Que el protagonista sea un niño y que la mayoría de sus compañeros de correrías también lo sean es un hecho que califica a El río como una de las más formidables denuncias en torno a las condiciones de la infancia abandonada y a los sistemas represivos para estigmatizarla, controlarla y castigarla porque sí o cuando recurre al robo como forma de subsistencia. Y que Gómez Morel cuente las cosas que cuenta sin un ápice de demagogia, desde dentro, con la naturalidad de lo inevitable, da a las páginas de El río mucha mayor fuerza y veracidad que cientos de tratados sociológicos, psicológicos, históricos o de cualquier índole. Además, que todo lo que se refiera sea real y que cada uno de los personajes cuestione, aun cuando sea de forma primitiva e inconsciente, a cuantos les persiguen, es decir, a casi todo el mundo, otorga un tono particularmente subversivo al texto. Así, pelusas, rateros, lanzas, prostitutas, regentas, proxenetas, reducidores, presos y tantos otros, mezclados con policías, detectives y gendarmes de nivel inferior, ocupan el lugar que, de manera habitual, nuestras ficciones daban -y siguen dando- a la clase alta y media.
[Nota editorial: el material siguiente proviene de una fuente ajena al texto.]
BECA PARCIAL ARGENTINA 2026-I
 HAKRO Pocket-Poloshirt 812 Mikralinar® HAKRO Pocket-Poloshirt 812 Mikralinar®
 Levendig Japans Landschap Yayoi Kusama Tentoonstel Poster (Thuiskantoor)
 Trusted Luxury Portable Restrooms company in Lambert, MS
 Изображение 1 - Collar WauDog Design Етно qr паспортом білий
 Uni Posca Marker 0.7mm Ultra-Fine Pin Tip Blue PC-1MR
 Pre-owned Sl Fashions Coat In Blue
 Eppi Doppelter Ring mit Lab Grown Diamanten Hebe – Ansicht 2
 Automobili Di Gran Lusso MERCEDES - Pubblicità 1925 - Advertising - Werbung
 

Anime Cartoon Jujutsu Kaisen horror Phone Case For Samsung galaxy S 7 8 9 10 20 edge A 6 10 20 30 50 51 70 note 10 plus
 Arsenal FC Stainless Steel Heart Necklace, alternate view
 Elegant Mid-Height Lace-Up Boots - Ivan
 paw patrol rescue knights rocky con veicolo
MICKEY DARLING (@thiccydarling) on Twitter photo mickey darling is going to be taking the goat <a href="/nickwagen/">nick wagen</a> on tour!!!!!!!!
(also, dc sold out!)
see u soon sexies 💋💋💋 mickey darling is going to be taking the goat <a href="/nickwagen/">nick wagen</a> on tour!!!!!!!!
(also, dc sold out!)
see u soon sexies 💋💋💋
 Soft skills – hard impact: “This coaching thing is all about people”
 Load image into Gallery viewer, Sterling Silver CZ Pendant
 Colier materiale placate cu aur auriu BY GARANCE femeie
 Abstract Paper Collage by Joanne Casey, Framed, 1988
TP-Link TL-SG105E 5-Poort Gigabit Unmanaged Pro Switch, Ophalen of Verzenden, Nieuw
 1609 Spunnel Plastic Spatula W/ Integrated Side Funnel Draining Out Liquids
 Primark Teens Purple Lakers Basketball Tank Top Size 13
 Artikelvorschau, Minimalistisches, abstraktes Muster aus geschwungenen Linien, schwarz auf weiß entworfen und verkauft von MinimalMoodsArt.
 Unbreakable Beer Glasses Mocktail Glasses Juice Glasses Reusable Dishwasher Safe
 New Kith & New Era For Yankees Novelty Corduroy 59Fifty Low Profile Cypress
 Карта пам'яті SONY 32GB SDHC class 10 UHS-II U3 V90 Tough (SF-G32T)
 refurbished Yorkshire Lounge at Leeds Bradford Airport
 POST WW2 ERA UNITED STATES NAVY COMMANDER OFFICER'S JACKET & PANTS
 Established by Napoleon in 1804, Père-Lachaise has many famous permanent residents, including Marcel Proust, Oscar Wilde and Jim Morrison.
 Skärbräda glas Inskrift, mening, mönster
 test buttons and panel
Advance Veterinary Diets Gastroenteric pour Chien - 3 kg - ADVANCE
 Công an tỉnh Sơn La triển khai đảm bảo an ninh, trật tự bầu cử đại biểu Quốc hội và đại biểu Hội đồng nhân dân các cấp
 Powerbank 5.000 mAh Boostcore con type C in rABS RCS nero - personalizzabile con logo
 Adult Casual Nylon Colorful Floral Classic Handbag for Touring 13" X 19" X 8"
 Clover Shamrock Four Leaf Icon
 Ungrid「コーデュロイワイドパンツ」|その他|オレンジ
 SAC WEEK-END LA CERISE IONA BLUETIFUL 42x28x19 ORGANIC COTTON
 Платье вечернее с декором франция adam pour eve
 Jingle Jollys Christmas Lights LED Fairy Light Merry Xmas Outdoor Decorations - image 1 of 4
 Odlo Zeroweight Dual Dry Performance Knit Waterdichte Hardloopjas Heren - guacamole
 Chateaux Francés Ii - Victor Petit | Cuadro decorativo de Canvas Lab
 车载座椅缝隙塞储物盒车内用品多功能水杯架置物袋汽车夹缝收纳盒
El río es, pues, la otra cara del espejo de nuestro país, una cara estrepitosa y furibunda que, obviamente, pocos quieren ver y de la que nadie o casi nadie quiere saber.
Es ineludible que, después de tanto tiempo y cuando la violencia se ha instalado definitivamente en la literatura y el arte, sea difícil asustarse ante las aventuras de El río . Aquello que otrora fue chocante o repulsivo, en la actualidad es moneda corriente. Tampoco hay aquí reparos: lo que ayer sucedía, sigue ocurriendo hoy, aunque por suerte parece que a escala menor. En este sentido, Gómez Morel sigue siendo vigente.
Lamentablemente, al momento de juzgar este título en términos literarios y por más buena voluntad que se tenga, resulta imposible pasar por alto sus carencias y fallas. Compuesta en breves capítulos y con escasas descripciones, la crónica no tiene progresión dramática alguna, los incidentes se presentan aislados y sin relación unos con otros, los actores no experimentan ninguna evolución, las situaciones se estancan y fuera de algún momento sensacional, se diría que estamos ante una sucesión de instantáneas congeladas.
Peor aún es la insistencia de Gómez Morel en proporcionarnos un interminable listado de las leyes del hampa y las reglas de conducta del submundo, en una suerte de manual para maleantes: está prohibido entre los choros hacer tal cosa; los principios del cafiche dictan que haga esto, lo otro y lo de más allá; "un pegador, por lo general, es violento, astuto, bebedor, mujeriego y bailarín"; "la patinadora tiene como norma defenderse de quien busca gratis el amor que se vende", y suma y sigue. Cuando es áspero, destemplado, veloz, el escritor puede llegar a ser notable, pero cae con frecuencia en lo discursivo y en un alambicamiento inadecuado para el tema que ha elegido.
En todo caso, El río trasciende con holgura sus defectos. Y si cuando recién apareció fue saludado como un relato de aprendizaje al revés, en el presente continúa manteniendo un carácter profundamente perturbador y con seguridad seguirá teniendo lectores.